Each record has to be returned exactly as it appears.
+++ Exercise inputs
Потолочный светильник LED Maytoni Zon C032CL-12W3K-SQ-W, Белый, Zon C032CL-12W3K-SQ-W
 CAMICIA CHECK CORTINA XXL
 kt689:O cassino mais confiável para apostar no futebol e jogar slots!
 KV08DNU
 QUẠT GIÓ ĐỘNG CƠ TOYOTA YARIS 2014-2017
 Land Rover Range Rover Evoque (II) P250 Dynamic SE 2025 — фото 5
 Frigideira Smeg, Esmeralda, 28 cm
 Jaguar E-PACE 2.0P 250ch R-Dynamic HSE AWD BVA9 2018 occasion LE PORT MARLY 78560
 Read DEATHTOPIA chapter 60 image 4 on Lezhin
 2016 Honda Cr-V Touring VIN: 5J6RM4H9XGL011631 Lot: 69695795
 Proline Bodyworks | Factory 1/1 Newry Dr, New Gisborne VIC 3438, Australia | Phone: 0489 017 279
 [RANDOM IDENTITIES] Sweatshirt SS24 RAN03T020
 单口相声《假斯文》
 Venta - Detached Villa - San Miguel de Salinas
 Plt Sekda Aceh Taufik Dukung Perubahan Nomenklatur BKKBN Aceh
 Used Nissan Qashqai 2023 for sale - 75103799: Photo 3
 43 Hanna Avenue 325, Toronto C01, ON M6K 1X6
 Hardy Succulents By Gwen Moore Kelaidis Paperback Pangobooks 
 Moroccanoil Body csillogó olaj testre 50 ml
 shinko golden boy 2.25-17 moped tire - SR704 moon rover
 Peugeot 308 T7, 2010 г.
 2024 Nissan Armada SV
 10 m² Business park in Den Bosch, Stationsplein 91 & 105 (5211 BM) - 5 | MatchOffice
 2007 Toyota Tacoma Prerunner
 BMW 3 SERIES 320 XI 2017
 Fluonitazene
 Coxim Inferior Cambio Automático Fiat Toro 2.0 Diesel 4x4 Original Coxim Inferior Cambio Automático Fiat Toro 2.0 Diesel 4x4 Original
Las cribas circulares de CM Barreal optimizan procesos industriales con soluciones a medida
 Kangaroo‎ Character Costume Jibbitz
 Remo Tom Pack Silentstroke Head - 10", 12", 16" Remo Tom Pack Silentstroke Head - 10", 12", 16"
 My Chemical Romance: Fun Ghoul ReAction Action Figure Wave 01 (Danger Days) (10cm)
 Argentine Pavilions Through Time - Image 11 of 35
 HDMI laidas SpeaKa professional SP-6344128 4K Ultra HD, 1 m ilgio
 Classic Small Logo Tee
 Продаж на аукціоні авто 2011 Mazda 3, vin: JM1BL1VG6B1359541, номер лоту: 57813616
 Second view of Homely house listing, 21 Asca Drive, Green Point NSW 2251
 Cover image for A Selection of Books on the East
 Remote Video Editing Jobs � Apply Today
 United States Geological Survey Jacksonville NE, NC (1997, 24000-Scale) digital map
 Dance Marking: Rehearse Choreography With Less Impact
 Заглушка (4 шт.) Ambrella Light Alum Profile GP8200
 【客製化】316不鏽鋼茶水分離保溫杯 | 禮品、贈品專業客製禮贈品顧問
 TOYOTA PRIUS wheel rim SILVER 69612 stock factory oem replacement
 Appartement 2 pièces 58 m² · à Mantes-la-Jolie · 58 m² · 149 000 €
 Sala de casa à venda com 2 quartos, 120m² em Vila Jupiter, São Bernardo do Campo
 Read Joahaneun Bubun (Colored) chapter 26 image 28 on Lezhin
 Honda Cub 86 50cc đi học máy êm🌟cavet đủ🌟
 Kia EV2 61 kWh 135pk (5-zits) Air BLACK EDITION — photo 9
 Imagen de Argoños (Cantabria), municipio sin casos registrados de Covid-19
++++++
Problem solution –
Потолочный светильник LED Maytoni Zon C032CL-12W3K-SQ-W, Белый, Zon C032CL-12W3K-SQ-W
 CAMICIA CHECK CORTINA XXL
 kt689:O cassino mais confiável para apostar no futebol e jogar slots!
 KV08DNU
 QUẠT GIÓ ĐỘNG CƠ TOYOTA YARIS 2014-2017
 Land Rover Range Rover Evoque (II) P250 Dynamic SE 2025 — фото 5
 Frigideira Smeg, Esmeralda, 28 cm
 Jaguar E-PACE 2.0P 250ch R-Dynamic HSE AWD BVA9 2018 occasion LE PORT MARLY 78560
 Read DEATHTOPIA chapter 60 image 4 on Lezhin
 2016 Honda Cr-V Touring VIN: 5J6RM4H9XGL011631 Lot: 69695795
 Proline Bodyworks | Factory 1/1 Newry Dr, New Gisborne VIC 3438, Australia | Phone: 0489 017 279
 [RANDOM IDENTITIES] Sweatshirt SS24 RAN03T020
 单口相声《假斯文》
 Venta - Detached Villa - San Miguel de Salinas
 Plt Sekda Aceh Taufik Dukung Perubahan Nomenklatur BKKBN Aceh
 Used Nissan Qashqai 2023 for sale - 75103799: Photo 3
 43 Hanna Avenue 325, Toronto C01, ON M6K 1X6
 Hardy Succulents By Gwen Moore Kelaidis Paperback Pangobooks 
 Moroccanoil Body csillogó olaj testre 50 ml
 shinko golden boy 2.25-17 moped tire - SR704 moon rover
 Peugeot 308 T7, 2010 г.
 2024 Nissan Armada SV
 10 m² Business park in Den Bosch, Stationsplein 91 & 105 (5211 BM) - 5 | MatchOffice
 2007 Toyota Tacoma Prerunner
 BMW 3 SERIES 320 XI 2017
 Fluonitazene
 Coxim Inferior Cambio Automático Fiat Toro 2.0 Diesel 4x4 Original Coxim Inferior Cambio Automático Fiat Toro 2.0 Diesel 4x4 Original
Las cribas circulares de CM Barreal optimizan procesos industriales con soluciones a medida
 Kangaroo‎ Character Costume Jibbitz
 Remo Tom Pack Silentstroke Head - 10", 12", 16" Remo Tom Pack Silentstroke Head - 10", 12", 16"
 My Chemical Romance: Fun Ghoul ReAction Action Figure Wave 01 (Danger Days) (10cm)
 Argentine Pavilions Through Time - Image 11 of 35
 HDMI laidas SpeaKa professional SP-6344128 4K Ultra HD, 1 m ilgio
 Classic Small Logo Tee
 Продаж на аукціоні авто 2011 Mazda 3, vin: JM1BL1VG6B1359541, номер лоту: 57813616
 Second view of Homely house listing, 21 Asca Drive, Green Point NSW 2251
 Cover image for A Selection of Books on the East
 Remote Video Editing Jobs � Apply Today
 United States Geological Survey Jacksonville NE, NC (1997, 24000-Scale) digital map
 Dance Marking: Rehearse Choreography With Less Impact
 Заглушка (4 шт.) Ambrella Light Alum Profile GP8200
 【客製化】316不鏽鋼茶水分離保溫杯 | 禮品、贈品專業客製禮贈品顧問
 TOYOTA PRIUS wheel rim SILVER 69612 stock factory oem replacement
 Appartement 2 pièces 58 m² · à Mantes-la-Jolie · 58 m² · 149 000 €
 Sala de casa à venda com 2 quartos, 120m² em Vila Jupiter, São Bernardo do Campo
 Read Joahaneun Bubun (Colored) chapter 26 image 28 on Lezhin
 Honda Cub 86 50cc đi học máy êm🌟cavet đủ🌟
 Kia EV2 61 kWh 135pk (5-zits) Air BLACK EDITION — photo 9
 Imagen de Argoños (Cantabria), municipio sin casos registrados de Covid-19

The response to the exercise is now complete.